Nothing but the pictures is dropped; write out all the remaining data below exactly.
===== DATA SECTION
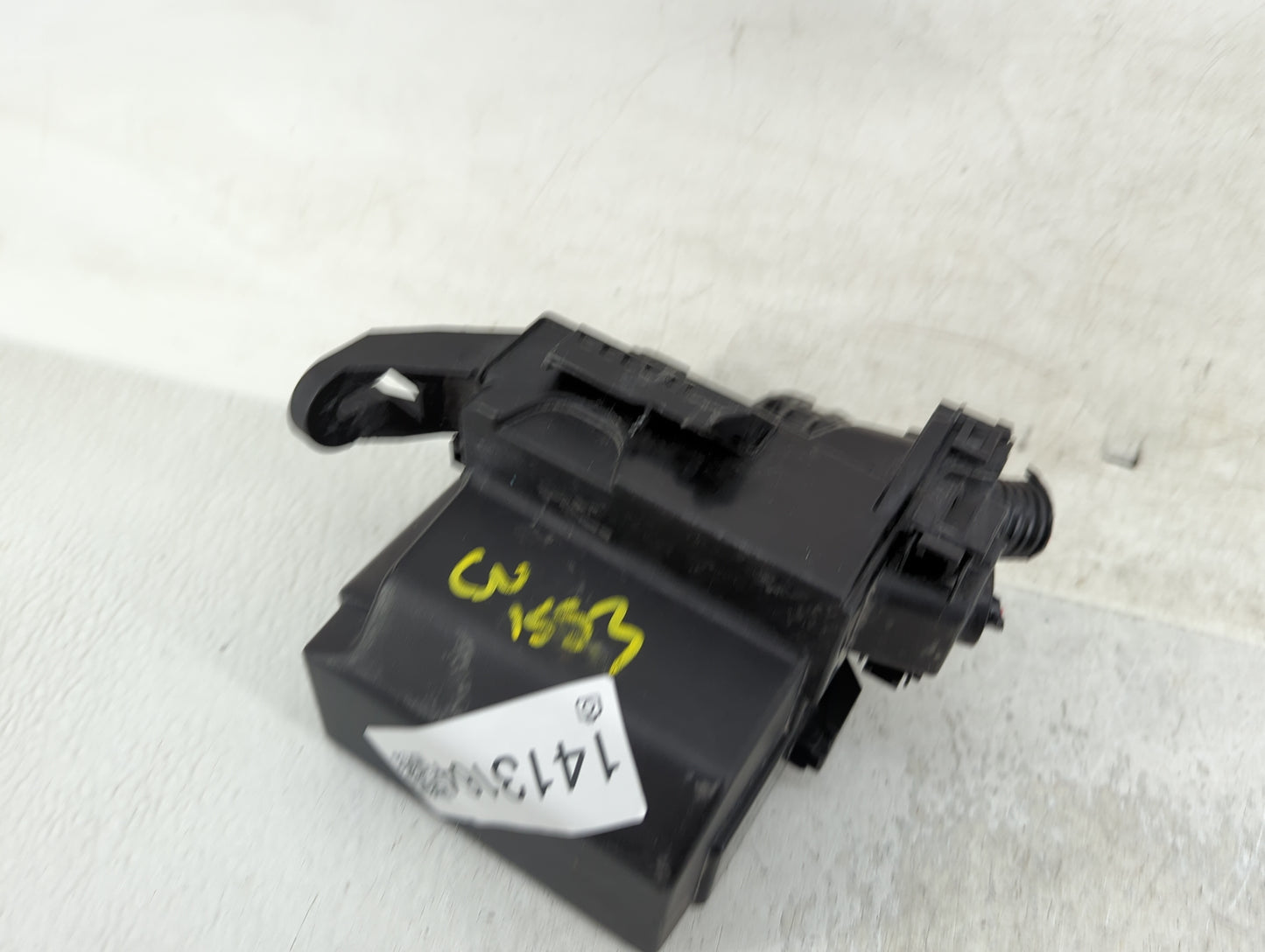 2018-2021 Nissan Kicks Fusebox Fuse Box Panel Relay Module Fits Fits 2018 2019 2020 2021 OEM Used Auto Parts - Oemusedautopa
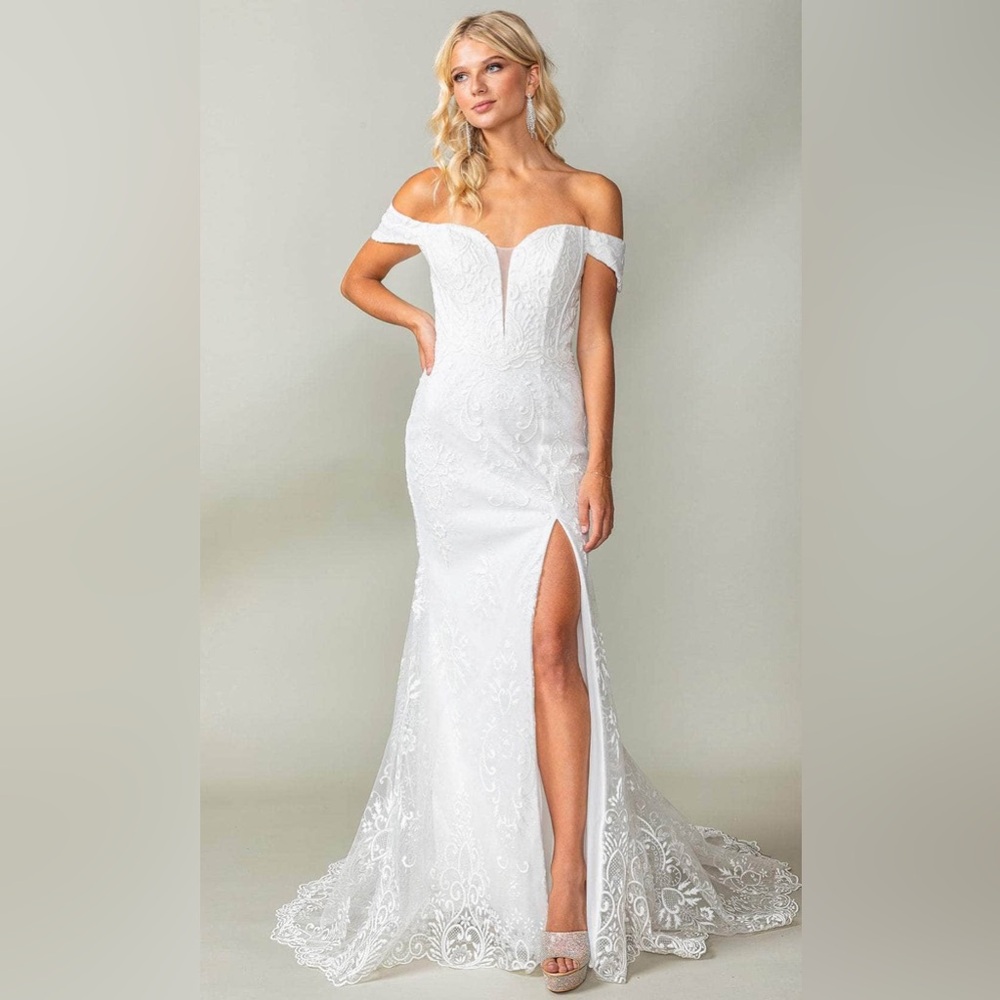 Dancing Queen White Lace Gown 0273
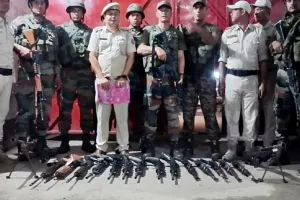 मणिपुर में तलाशी अभियान, 35 हथियार और हथियारों के गोदाम बरामद 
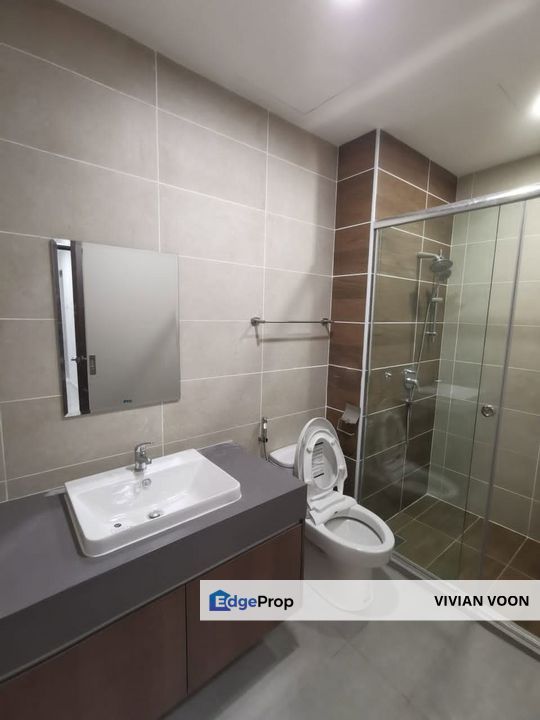 PUCHONG SERVICED RESIDENCE near LRT Bandar Puteri, Selangor, Puchong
==========
◆ **RESULT BELOW**:
 2018-2021 Nissan Kicks Fusebox Fuse Box Panel Relay Module Fits Fits 2018 2019 2020 2021 OEM Used Auto Parts - Oemusedautopa
 Dancing Queen White Lace Gown 0273
 मणिपुर में तलाशी अभियान, 35 हथियार और हथियारों के गोदाम बरामद 
 PUCHONG SERVICED RESIDENCE near LRT Bandar Puteri, Selangor, Puchong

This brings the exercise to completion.